SLUMDOG MILLIONAIRE By Pierre Beemans (Film Review)
Just at a time when the theatres and video stores seem to be treating us to one long stream of inane teen-sex comedies, morbid slasher films, ghost-and-demon dramas and unbearably (and interminably) cute cartoons dressed up as feature films, along comes one that really makes one enjoy watching movies again. Now, if only they can do something about the reek of greasy french fries and oily popcorn that the customers stuff themselves with, the theatres themselves might become equally enjoyable.
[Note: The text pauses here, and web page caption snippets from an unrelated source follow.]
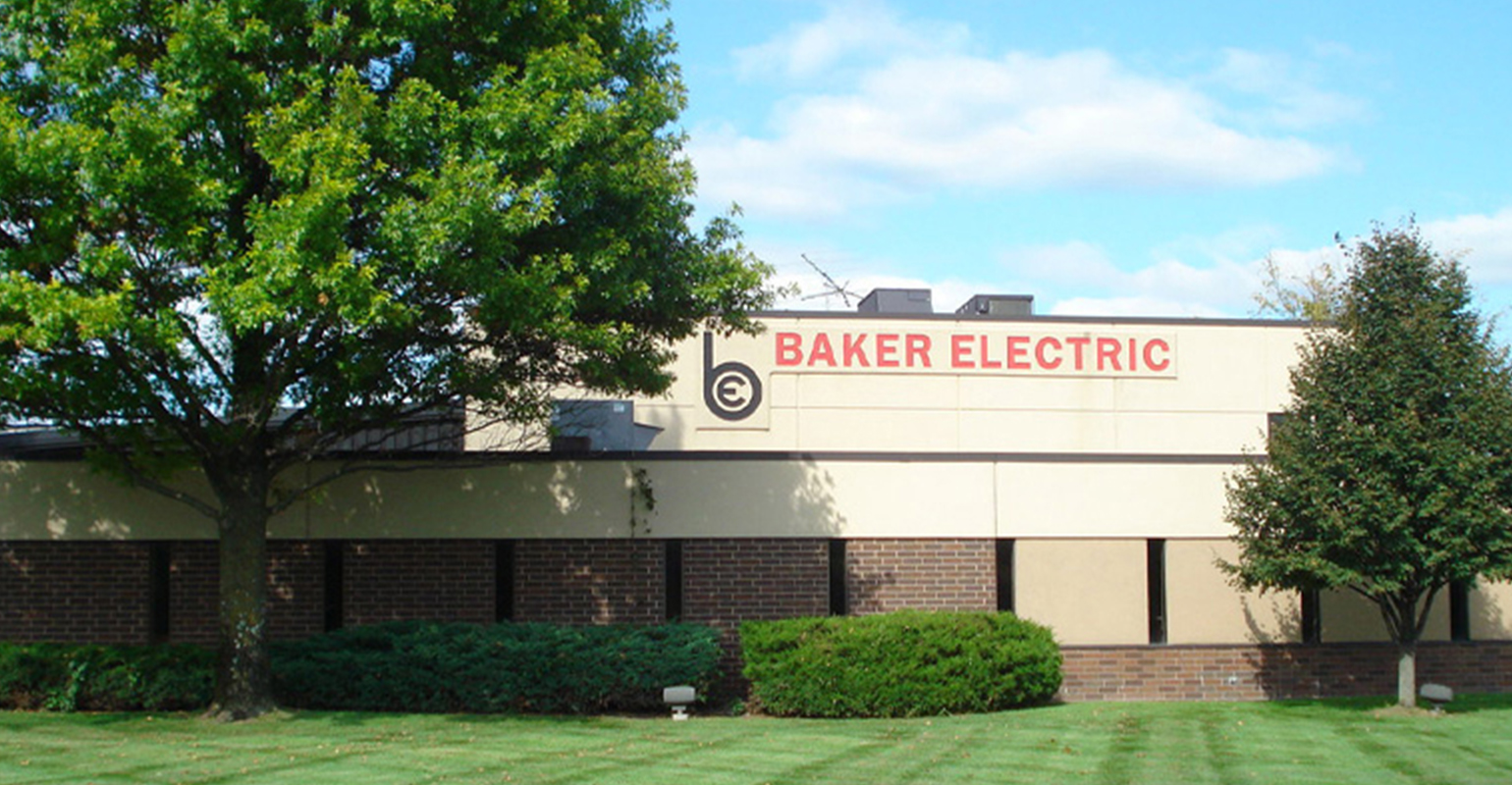 EMCOR Group, Inc. Acquires Des Moines, IowaBased Baker Electric EC&M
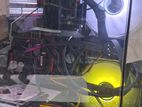 intel i5 8th GEN
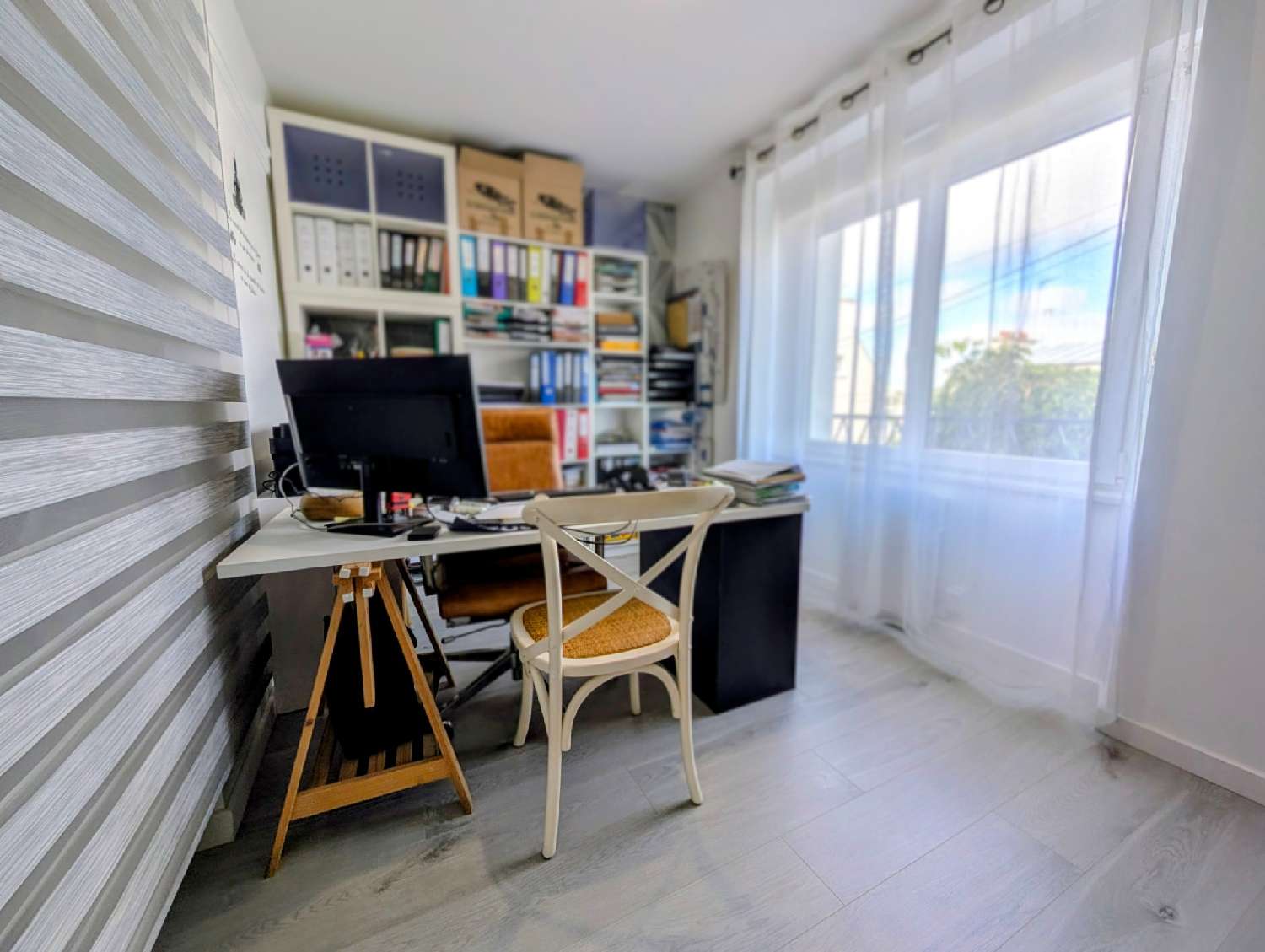 kaufen Haus Guipavas Finistère 8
On the movie side, I am talking about Slumdog Millionaire (produced by Danny Boyle), the story of an orphan street urchin who rises from the squalid slums of Bombay (now Mumbai) to become the unlikely finalist in Indias biggest and richest TV quiz show, Who wants to be a Millionaire? It has everything: a childhood romance that endures despite all odds, a brothers treachery and redemption, gangsters, child abuse, money, humour, suspense, little people against the system, a shy but indomitable hero and his achingly beautiful heroine. Plus actors light years above and ahead of what Hollywood offers these days, along with settings in an India that tourists never see or suspect.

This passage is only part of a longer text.